But it’s difficult to do that in relationships because we want the guarantee of someone understanding us and loving us back if we love them, or accepting us if we accept them. But there aren’t guarantees on Earth. The only earthly person we have any control over embracing who we are is our own selves. So how do we find the confidence to find value in ourselves so that we may be valuable to others?

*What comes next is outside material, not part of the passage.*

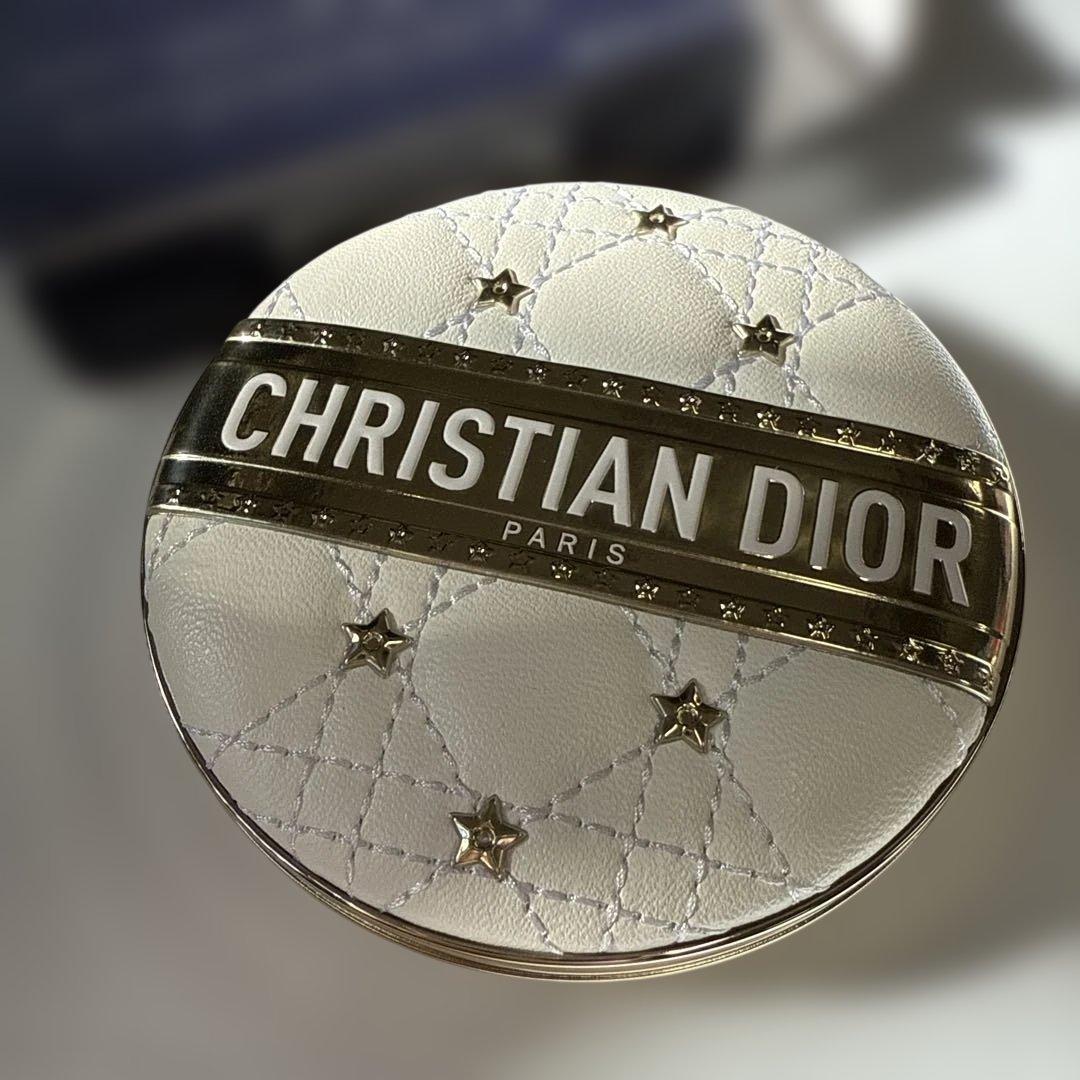 【新品未使用】ディオールスキン フォーエヴァー グロウルミナイザー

Psalm 139 speaks about a creator who knows us, not just the version we present of ourselves, but knows us so fully that He discerns our thoughts, and is acquainted with our ways, and has never had our frame hidden from Him. That speaks to each part of us: the thoughts of our minds, the actions of our ways, and the physicality of our bodies – God knows all of these things, and loves us still. And by accepting and loving ourselves because of the value God places on us, there’s a motivation to see relationships less about how someone can invest in our earthly desire to be loved and accepted and instead we see opportunities to invest in loving and accepting someone else. That is the essence of loving as Christ loved us, to love without anything needing to be returned. I think if we can give ourselves over to being vulnerable then we free ourselves up to be selfless in loving others, because we’ve come to terms with giving what we have to offer, knowing we might not get it back in return from any earthly being, but that we have love from Love himself – what is more moving than that?

Still more to think on this but that’s where I’m at right now.